So the builder pattern w/ CRTP should be working. Maybe different eyes will see what I'm missing :frowning:.

etseidl avatar May 24 '24 20:05 etseidl

Yikes I'm sorry @etseidl I meant to respond earlier and then completely forgot about it. I appreciate how hard you've tried to get the Cython working! I am (unfortunately) not that surprised that it's proving tricky. If the example from the Cython test suite is working for you and seems that similar, my next guess would be some sort of circular dependency issue in our Cython due to how many things we're importing? It's probably not the best use of your time to try and track this down though, so I'm fine with you pushing the code back up to the base class in order to get this merged. Once this PR is merged I can test out the Cython in a follow-up and see what I come up with. Thank you for getting it this far!
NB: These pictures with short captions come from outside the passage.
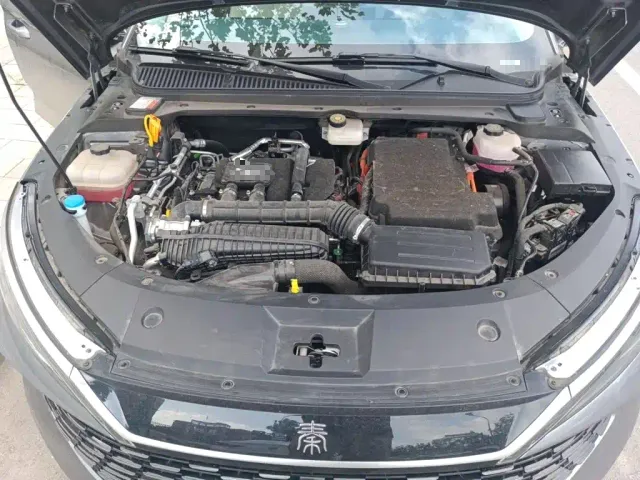 BYD Qin L — Фото автомобиля 16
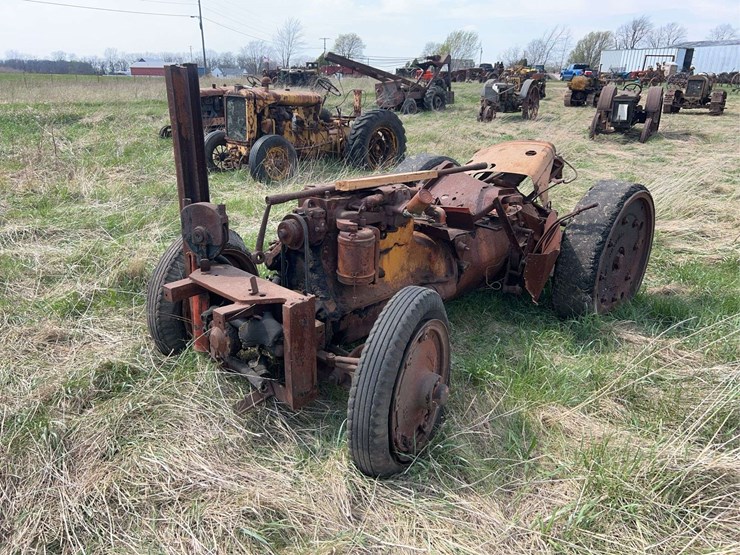 allis-chalmers-u-industrial-parts-tractor-image-1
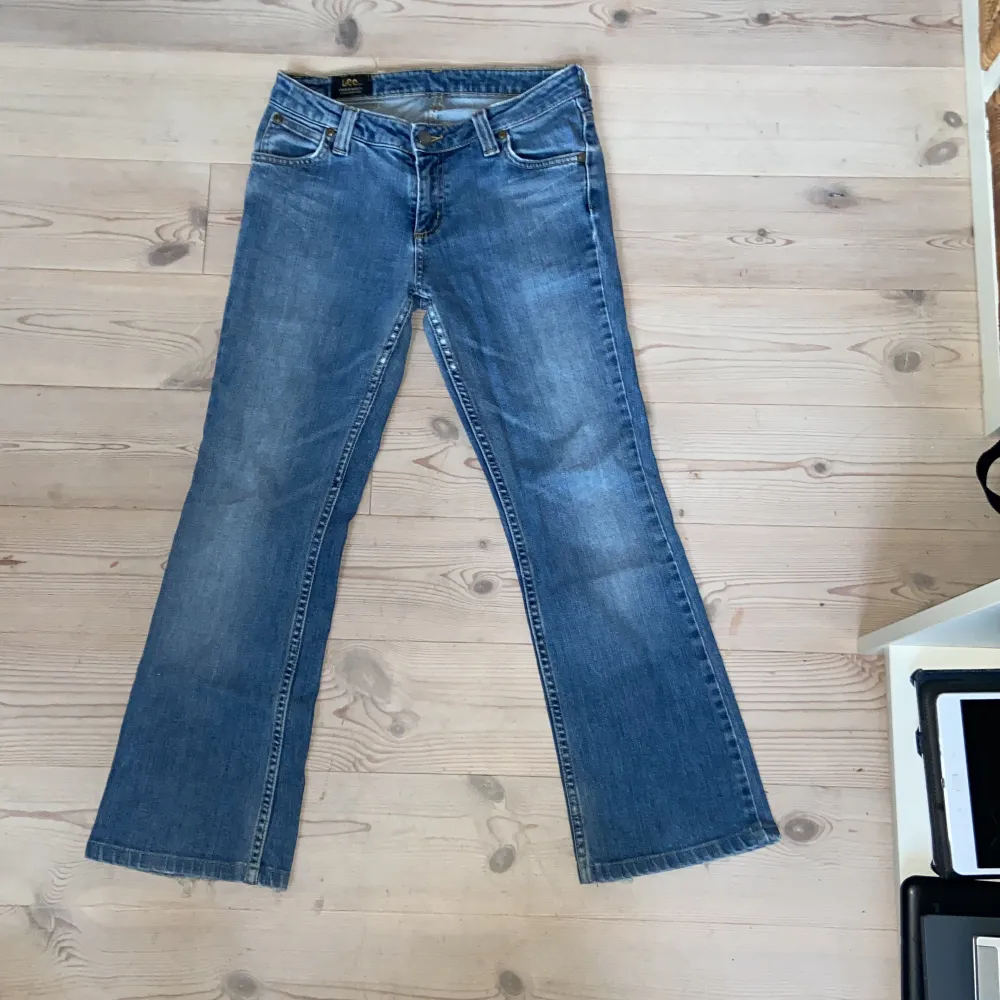 Snygga lee jeans men ganska korta ben. . Jeans & Byxor.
vyasr avatar May 30 '24 22:05 vyasr

/ok to test

vuule avatar Jun 04 '24 19:06 vuule

/ok to test

hyperbolic2346 avatar Jun 07 '24 23:06 hyperbolic2346

/merge

vuule avatar Jun 10 '24 05:06 vuule

Yikes I'm sorry @etseidl I meant to respond earlier and then completely forgot about it. I appreciate how hard you've tried to get the Cython working! I am (unfortunately) not that surprised that it's proving tricky. If the example from the Cython test suite is working for you and seems that similar, my next guess would be some sort of circular dependency issue in our Cython due to how many things we're importing? It's probably not the best use of your time to try and track this down though, so I'm fine with you pushing the code back up to the base class in order to get this merged. Once this PR is merged I can test out the Cython in a follow-up and see what I come up with. Thank you for getting it this far!

See https://github.com/rapidsai/cudf/pull/15978

vyasr avatar Jun 11 '24 18:06 vyasr